Quelque chose qui ne nous avait pas échappé par contre c’est la prestation de Demi Portion sur scène, on lui explique alors qu’il nous a redonné espoir dans le rap à l’ère des concerts en playback sur bande… On lui demande alors où sont les MCs, qu’est-ce qui s’est passé… On nous avait expliqué dès le début que ce n’était pas facile le rap, on savait qu’il faudrait travailler dur, qu’on n’allait pas devenir MC en une semaine. On nous avait dit qu’il fallait faire les choses, lire, se cultiver, comprendre le sens des mots, qu’il fallait s’entrainer à être sur scène comme sur un ring, qu’il faudrait écrire, écrire et encore écrire… qu’il faudrait mériter, qu’on devait respecter ce mouvement. Aujourd’hui… j’essaie de le respecter à mon échelle… des respecter les codes… Que ce soit de savoir tenir un micro, de respecter les gens qui m’accueillent, dans mes écrits, mon équipe… on fait beaucoup d’erreurs mais on essaie de les corriger… on essaie, on travaille, on fait de la musique, des gens nous font venir et donc il faut bosser, il faut faire le truc, faire entrer les gens dans ton univers, leur faire découvrir qui tu es. C’est aussi ça le but du Hiphop, de faire découvrir. Aujourd’hui les gens viennent juste pour faire le spectacle et encore… mais tout ça va bien au-delà. 
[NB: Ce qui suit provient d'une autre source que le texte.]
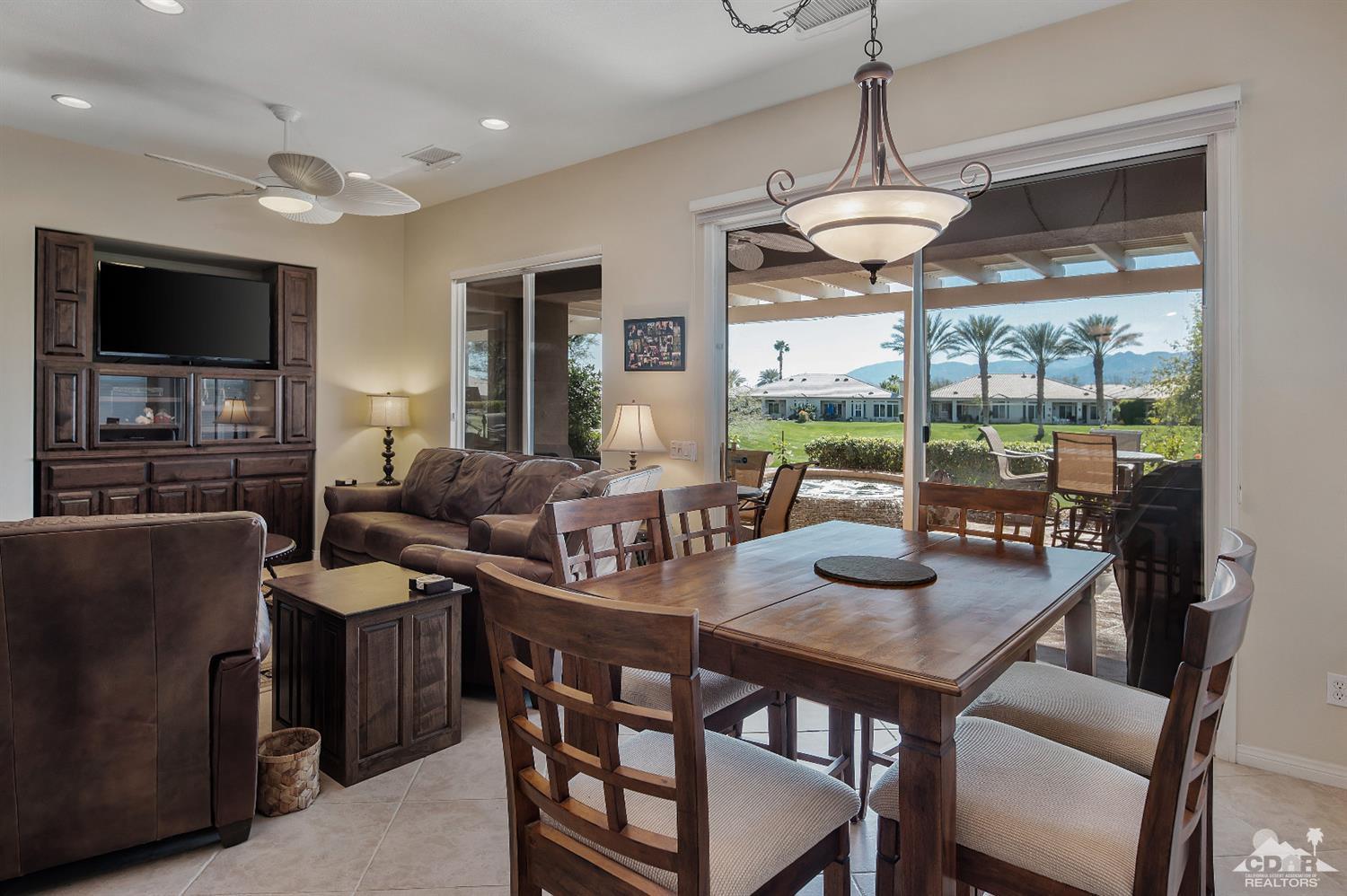 80557 Knightswood Road Indio, CA 92201 - Photo 13 of 30 a view of a dining room with furniture window and outside view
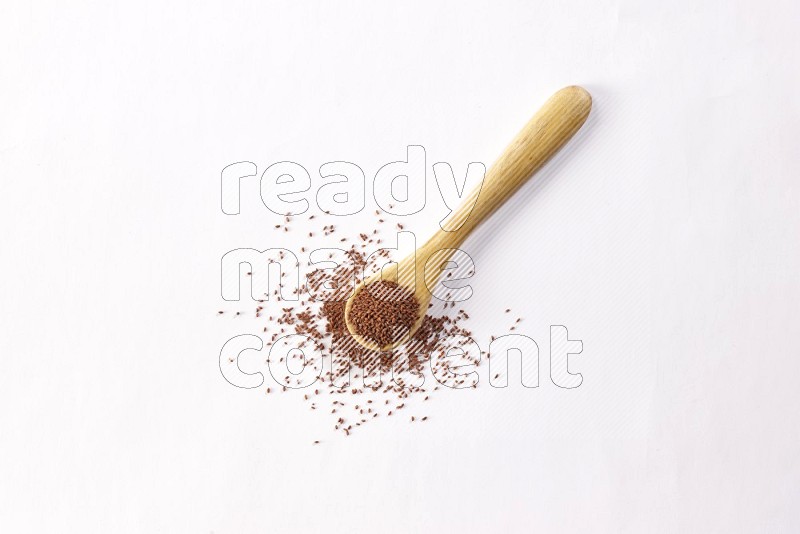 A wooden spoon full of garden cress seeds on a white flooring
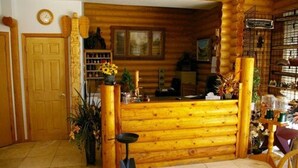 A log cabin interior with a wooden reception desk, a clock on the wall, and a variety of plants and decorations.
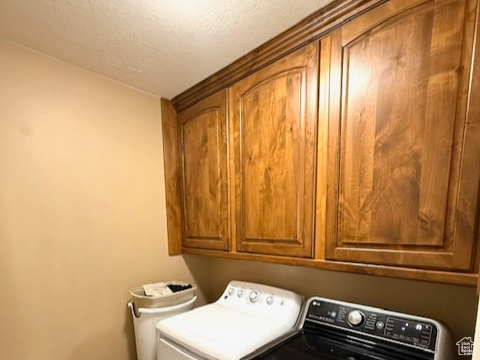 Washroom with cabinet space, washing machine and clothes dryer, light tile patterned flooring, baseboards, and a textured ceiling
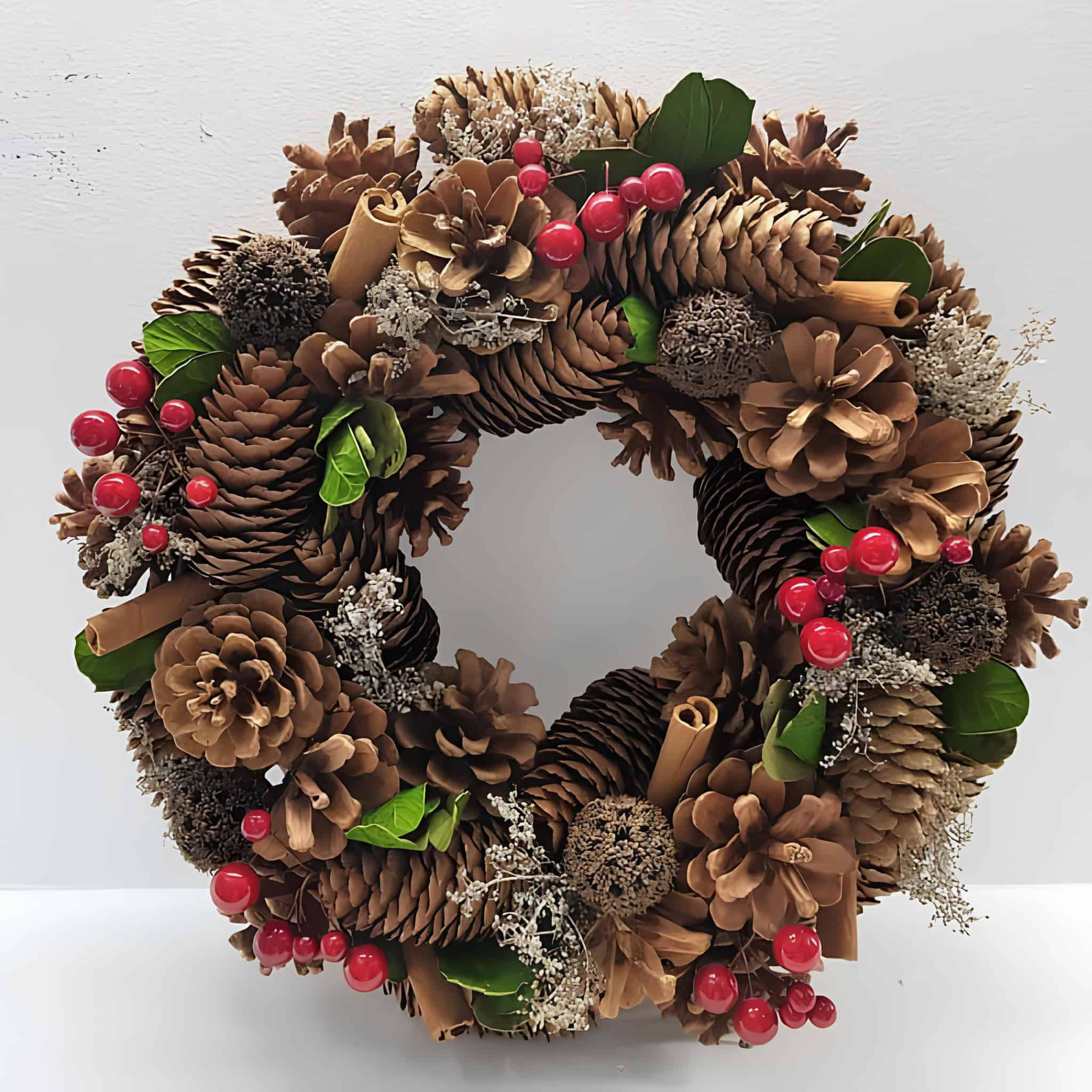Pinecone Christmas wreath decorated with cinnamon sticks, red berries, and greenery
Parce que ce que les gens ont tendance à oublier c’est que le Hiphop c’est bien plus que de la musique… Le Hiphop c’est comme la vie, s’est fait de haut et de bas, l’un ne va pas sans l’autre… tu ne peux pas monter si tu n’étais pas tout en bas à un moment… tu ne peux pas rester toujours en bas, le but s’est de se lever, de tomber, d’apprendre… la vie est faite ainsi, un jour la musique va s’arrêter et ta vie aussi alors profite, passe le bon message. On est dans un monde qui est compliqué, on ne va pas non plus faire les babas cools, mais si y’a moyen de donner du positif aux gens, de leur expliquer qu’il y a une solution à chaque problème, que si le système nous met de côté alors c’est à nous de créer nos règles pour que ce soit bien fait. 

On arrive gentiment à la fin de notre entretien, et parce qu’on avait encore mille questions à lui poser on décide d’aller à l’essentiel, de lui demander ce qu’il a appris à travers le Hiphop. L’échange, à combattre ma timidité, à sortir de mon cocon mais surtout il m’a appris à rester humble parce que dans la musique, le cinéma, le sport, dès qu’on dit que tu es fort ça ne veut pas dire que tu es fort, ça veut dire qu’il faut continuer de charbonner encore plus, être fort finalement ça ne veut rien dire, tu trouveras toujours plus fort que toi.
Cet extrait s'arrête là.